Jesus in Passover
What would be on it if God were to have a business card? Perhaps “The Creator of the Universe,” or “The God of Heaven and Earth.” Yet, at the foot of Mount Sinai, He surprisingly identified Himself as “Adonai your God, who brought you out of the land of Egypt, out of the house of bondage” (Exodus 20:2). The annual holiday of Passover has such a vital role in the history of God’s people. Sages of old coined an ancient saying: “In Nisan (the month Passover is in) our forefathers were redeemed from Egypt; and in Nisan in the future, we will be redeemed by the Messiah.”
Centuries later, we find the fulfillment of this saying through Yeshua (Jesus’ Hebrew Name). His corrupt trial, gruesome death, and triumphant resurrection all took place during Passover in the month of Nisan.
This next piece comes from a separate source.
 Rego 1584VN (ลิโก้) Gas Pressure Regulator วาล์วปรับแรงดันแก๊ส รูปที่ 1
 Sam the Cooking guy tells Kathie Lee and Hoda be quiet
Our Apostles recognized that the Messiah was so intimately connected to Passover that they even referred to Him as “our Passover Lamb” (1 Corinthians 5:7; 1 Peter 1:19), but this raises many questions.
Why are the Messiah and Passover so interconnected?
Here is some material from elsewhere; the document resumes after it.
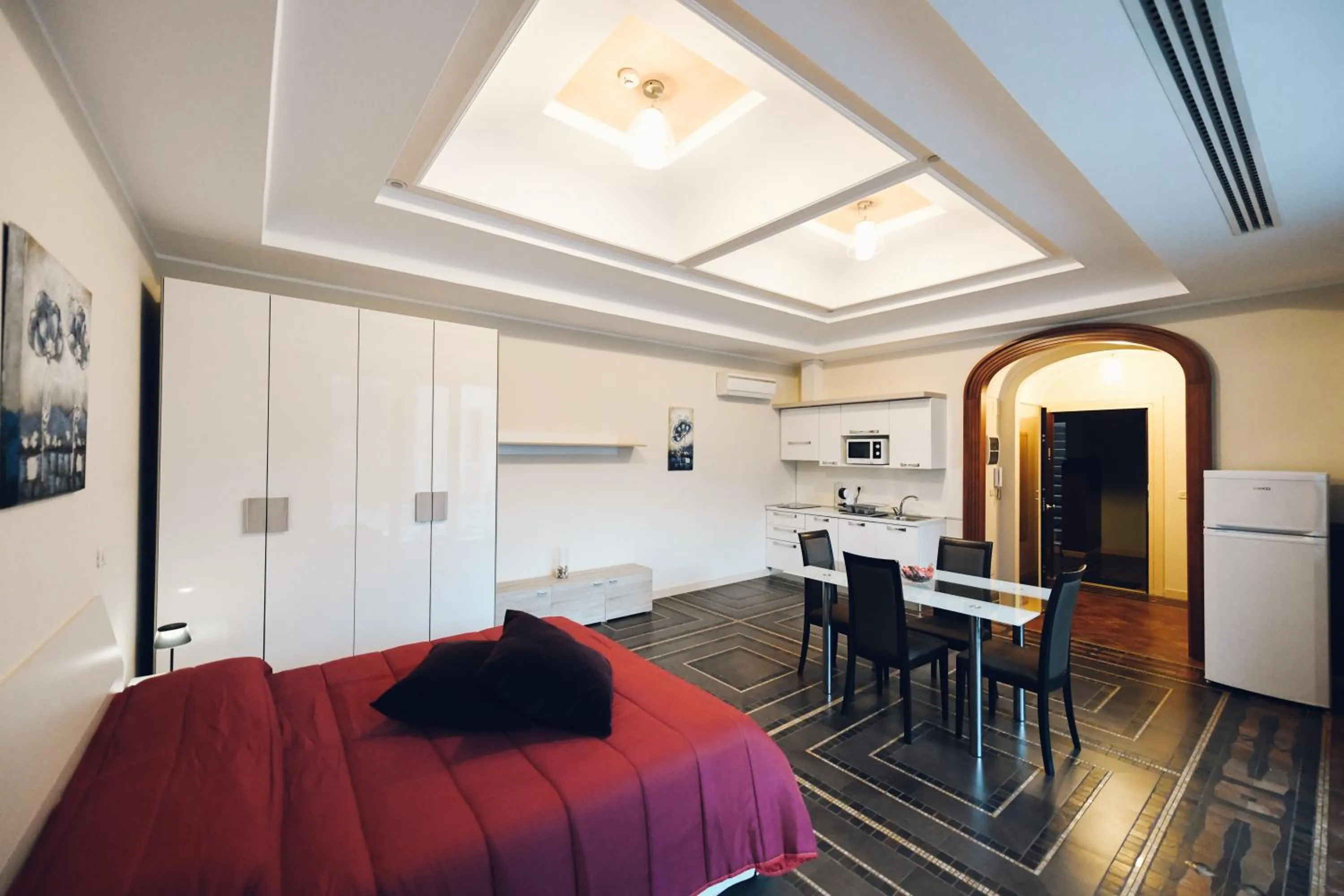 King Room with Garden View in Verso Oriente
This connection held rich symbolism and deep meaning for the Apostles and the believing community of the first few centuries, but we might find it puzzling. After all:
- Yeshua was not a lamb or goat.
- The priests did not sacrifice him on the Temple Mount.
- No one dashed His blood on the altar.
So, what does it mean for Yeshua Jesus to be our Passover Lamb? To answer these and other questions, let us understand the background of Passover.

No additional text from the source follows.